E dire che non sono ancora riuscito a visitare tutti i musei siti nel Mall. Tra l'altro va detto che altri sono sparsi, non solo nelle vicinanze, ma anche a New York, come il Cooper-Hewitt Museum. Senza contare gli istituti di ricerca (zoologica, marina, ecologica, tropicale), disseminati tra Panama e Harvard.

NATIONAL MUSEUM OF THE AMERICAN INDIAN, NEW YOK

Molti anni dopo avrò comunque l'opportunità di vedere a New Yorknel George Gustav Heye Center, ospitato nell’ex Palazzo della Dogana statunitense,  l’interessante National Museum of the American Indian.
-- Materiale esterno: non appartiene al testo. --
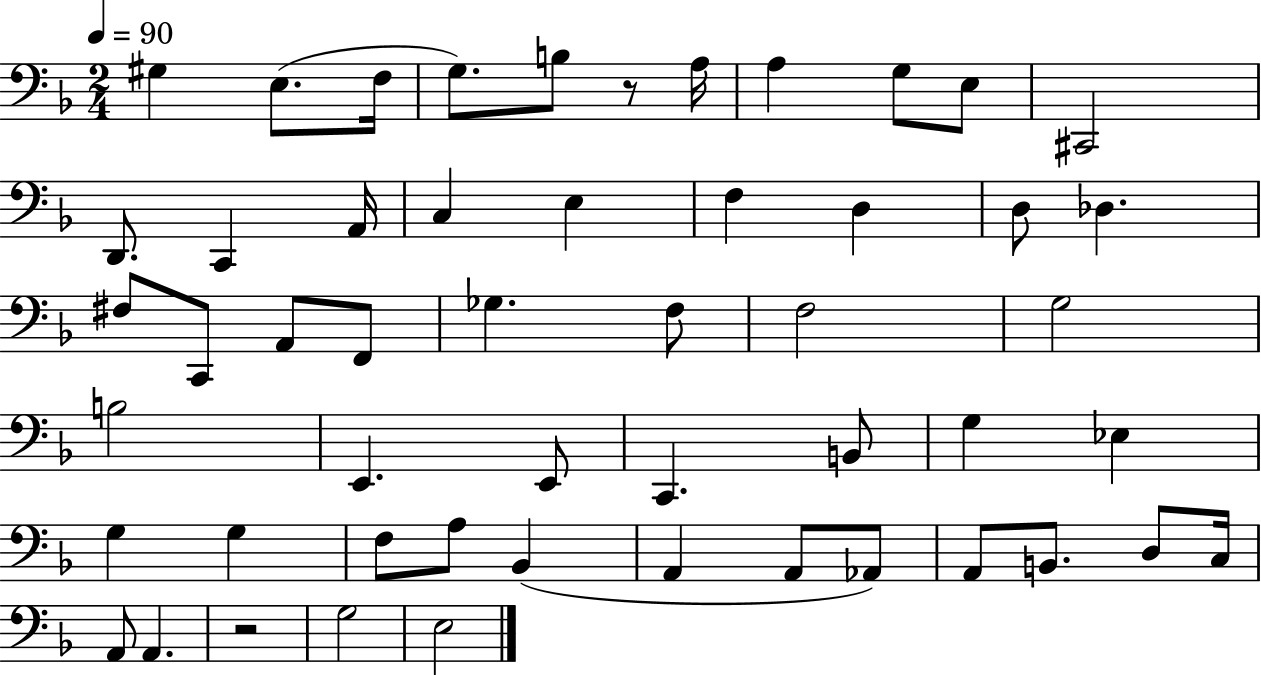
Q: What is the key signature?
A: F major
Museo che ha anche altre due sedi, una sempre a Washington, nel National Mall (dal 2004), l'altra nel Maryland.

Una sala del Museo (© Franco Pelliccioni) 

IL MUSEO DI STORIA NATURALE, WASHINGTON

Una  Ford modello T parcheggiata davanti al Museo, ca. 1926 (Library of Congress)

Mai visita fu così bene accetta di quella che, sempre durante quel mio primo viaggio negli States, effettuai alla sezione africana (African Cultures) del Museo di Storia Naturale. Completato nel 1881, il Museo contiene oltre 81 milioni di reperti (meno dell'1% è esposto).

Il Museo di Storia Naturale, 2005 ( CC Some rights reserved User:Postdlf)

La sezione africana fa parte del Dipartimento di Antropologia: più di un milione di reperti di ogni parte del mondo, una biblioteca (oltre 50.000 volumi), archivio (più di due chilometri di scaffali) e fototeca (circa 400.000 "pezzi", dei quali oltre 90.000  risalgono al periodo 1860-1930).

L'etnologo Gordon D. Gibson (1922-), uno  specialista dei Bantu sud-occidentaliCuratore dell'importante sezione, durante quella visita rappresentò il mio prezioso "Virgilio" . 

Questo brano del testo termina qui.